January 4, 2020Essay Writing · Personal Essay · Personal Narrative · Short stories · Success stories · Writing Skills

Class Topic : “Writing on Partition”

Class schedule : 75 minutes, Wednesdays and Saturdays, January – August 2019

Readings : Nisid Hajari, Midnight’s Furies ; “The Great Divide,” The New Yorker ; Salman Rushdie, Midnight’s Children ; Shobha Rao, An Unrestored Woman

Assignments : biweekly reading journal, weekly 2-page essay responses, 6-page final essay

PARTH’S GOALS

As a 10th grader at a large public high school, Parth was eager to strengthen his essay writing skills and feel prepared for AP classes.

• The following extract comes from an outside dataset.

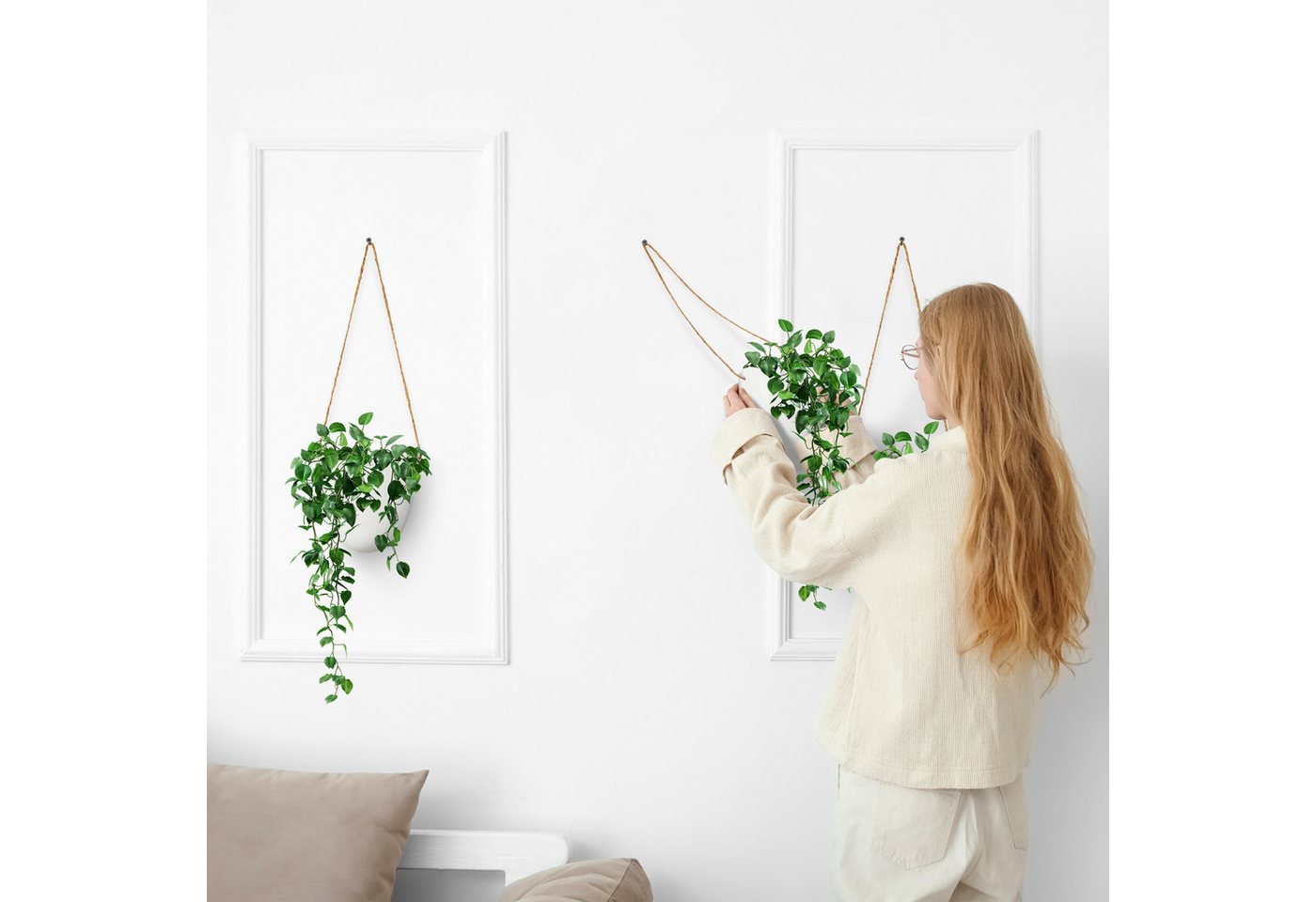 Thumbnail - relaxdays Blumentopf Hängende Wandvase im 3er Set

Parth loved history and historical fiction, and had a deep personal interest in Partition, the 1947 division of India and Pakistan that displaced between 15 to 20 million people virtually overnight. Parth’s grandparents were Partition survivors, and he wanted to study it in depth — but his school curriculum gave it no attention at all.

Inspired by his passion for history and fiction, Parth and I designed a 26-week writing class focused on Partition. Our curriculum covered fiction and nonfiction, including Salman Rushdie’s Midnight’s Children and Shobha Rao’s award-winning story collection, An Unrestored Woman. Every week, Parth practiced close reading and annotation and prepared for our discussion challenges (e.g. “Who is the most sympathetic character?” and “What would you have done differently?”). He learned to support his opinions with textual evidence in short weekly analytical essays.

ESSAY WRITING

For his final project, Parth wanted to write a “a real essay that people would actually read, not just 5 paragraphs about Partition.”

Yes! He was ready to write a college-level essay!

I gave Parth several open-ended, college-level prompts, and we worked on developing a dynamic, arguable thesis. After making his own grading rubric, he drafted and revised his essay until he felt it satisfied his high standards — because this really mattered. His final 6-page essay, combining historical facts and analysis with anecdotes of his family’s experience, was moving and powerful. He was proud to share it with his grandparents — and got it published it in his school magazine.

Over 26 weeks, Parth worked hard to master an impressive set of skills necessary for college: annotating, writing descriptively and concisely, drafting an essay from scratch, and MLA citation.

“My feelings about writing and essays have completely changed,” Parth told me as we wrapped up our unit. “This essay was the most satisfying thing I’ve ever written. I’m so excited for AP Research next year, and writing in college!”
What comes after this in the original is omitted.